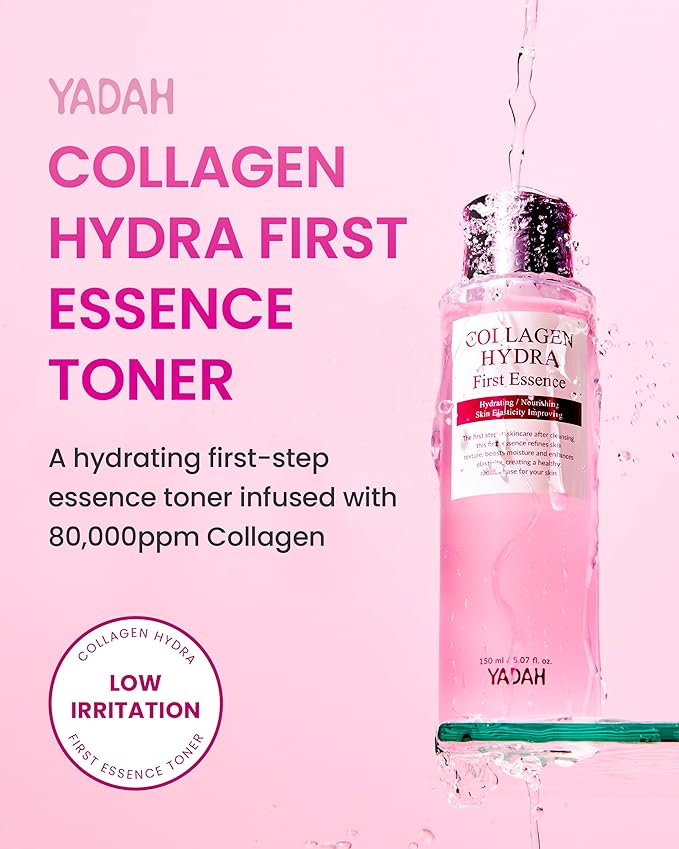 YADAH Collagen Hydra Essence – Deep Hydration, Soothing with 80,000ppm Collagen peptides and Triple Hyaluronic Acid, Centella Asiatica Extract, Niacinamide – 5.07 fl oz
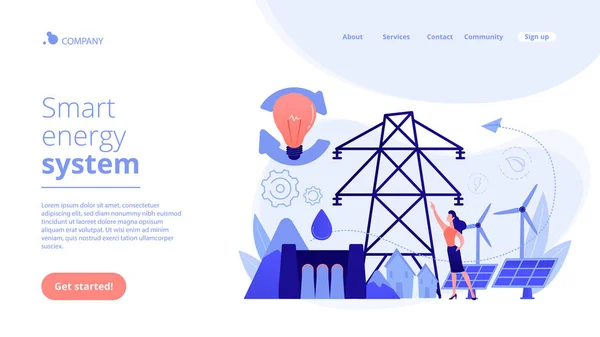 Concepto de energía sostenible landing page . — Archivo Imágenes Vectoriales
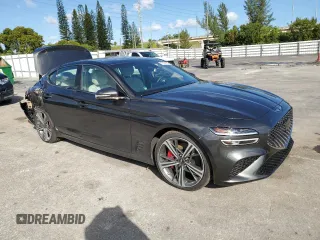 2024 Genesis G70 3.3T Sport Advanced with VIN KMTG54SE3RU137196, listed as a Copart auction lot 76329834 with 1,348 mi miles and Salvage Title. Bid and sale history available at carsss.com. Image 4.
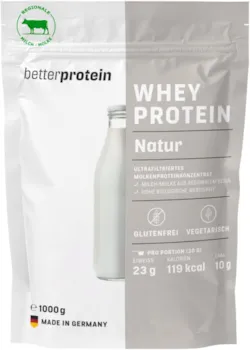 Produktbild von Bewertung betterprotein Whey Protein Neutral 1 kg produziert in Deutschland aus regionaler Milch Eiweißpulver zum Muskelaufbau und Abnehmen Beutel- betterprotein®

* * *

__Problem requirements__. Only the lines from the beginning of the listing up to and including the line with "2024 Genesis G70" should appear in the reply, copied word for word and free of pictures.

__Response__.
 YADAH Collagen Hydra Essence – Deep Hydration, Soothing with 80,000ppm Collagen peptides and Triple Hyaluronic Acid, Centella Asiatica Extract, Niacinamide – 5.07 fl oz
 Concepto de energía sostenible landing page . — Archivo Imágenes Vectoriales
 2024 Genesis G70 3.3T Sport Advanced with VIN KMTG54SE3RU137196, listed as a Copart auction lot 76329834 with 1,348 mi miles and Salvage Title. Bid and sale history available at carsss.com. Image 4.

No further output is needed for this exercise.